Webscrape game review data from Steam, including the user, profile link, and the review itself

In [1]:
import requests as re
import pandas as pd

## Requesting reviews from Steam:

The page is continously scrolling, so you'll need to grab the cards, then scroll down to the bottom and repeat until finished. For this project, we are going to collect the following information:
- Steam ID
- Review Text
- Review Recommendation
- Date Posted
- There are 181 pages of DS2 reviews
- Each review is contained under:
    - div class="apphub_CardTextContent"

In [2]:
init_request = re.get('https://store.steampowered.com/appreviews/335300?json=1?filter=all&language=english&num_per_page=100').json()

In [3]:
init_request['success']

1

In [4]:
init_request['query_summary']

{'num_reviews': 91,
 'review_score': 8,
 'review_score_desc': 'Very Positive',
 'total_positive': 21986,
 'total_negative': 4471,
 'total_reviews': 26457}

- Using cursors to get more batches of reviews:

In [5]:
cursor = init_request['cursor']
cursor 

'AoIIPwAAAHyKjuEE'

In [6]:
request = re.get(f'https://store.steampowered.com/appreviews/335300?json=1?filter=all&language=english&num_per_page=100&cursor={cursor}').json()
request['cursor']

'AoIIPwYYanm+09sE'

- Convert to dataframe:

In [7]:
def review_batches(app_id=335300):
    # Initial request:
    init_request = re.get(f'https://store.steampowered.com/appreviews/{app_id}?json=1?filter=all&language=english&num_per_page=100&cursor=*').json()

    # Used to get further batches of reviews:
    cursor = init_request['cursor']

    # Creating the actual df:
    init_reviews = init_request['reviews']

    columns = ['review', 'init_date', 'update_date', 'in_early_access']
    reviews_data = {
        'review': [review['review'] for review in init_reviews],
        'init_date': [review['timestamp_created'] for review in init_reviews],
        'update_date': [review['timestamp_updated'] for review in init_reviews],
        'in_early_access': [review['written_during_early_access'] for review in init_reviews]
    }
    reviews = pd.DataFrame(reviews_data, columns=columns)

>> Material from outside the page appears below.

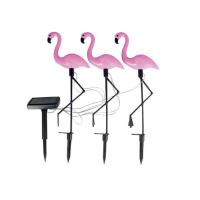 Set 3 lampi solare Strend Pro Flamingo, 18x6x52 cm, 3x2 LED, AA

    # Keeping track if a request was successful:
    success = init_request['success']
    while success:
        request = re.get(f'https://store.steampowered.com/appreviews/{app_id}?json=1?filter=all&language=english&num_per_page=100&cursor={cursor}').json()
        if 'cursor' in request:
            cursor = request['cursor']
        else:
            break

        more_data = {
            'review': [review['review'] for review in init_reviews],
            'init_date': [review['timestamp_created'] for review in init_reviews],
            'update_date': [review['timestamp_updated'] for review in init_reviews],
            'in_early_access': [review['written_during_early_access'] for review in init_reviews]
        }
        more = pd.DataFrame(more_data, columns=columns)
        reviews = pd.concat([reviews, more], ignore_index=True)

        success = request['success']
    
    return reviews

In [8]:
reviews = review_batches()
reviews

Unnamed: 0,review,init_date,update_date,in_early_access
0,Dark Souls II is many things its siblings are ...,1710199956,1710199995,False
1,"Reddit told me this game sucks, don't trust a ...",1710453440,1710453440,False
2,I try and play this game and it gives me a hea...,1709438268,1709438268,False
3,"""The lord souls killed my wife"" - John Darksoul",1709070496,1709070496,False
4,"dark souls 1 felt like you were truly lost, in...",1710202744,1710202856,False
...,...,...,...,...
177,Not enjoyable enough to finish. Made by people...,1709557574,1709557574,False
178,"I wanted to like this game, but it just doesn'...",1709551481,1710296156,False
179,Every other game in the Souls series is better...,1710588447,1710588447,False
180,One of the worst games ive ever had the disple...,1710560570,1710560570,False


## Saving the reviews into a csv file:

In [9]:
# save the df to a CSV file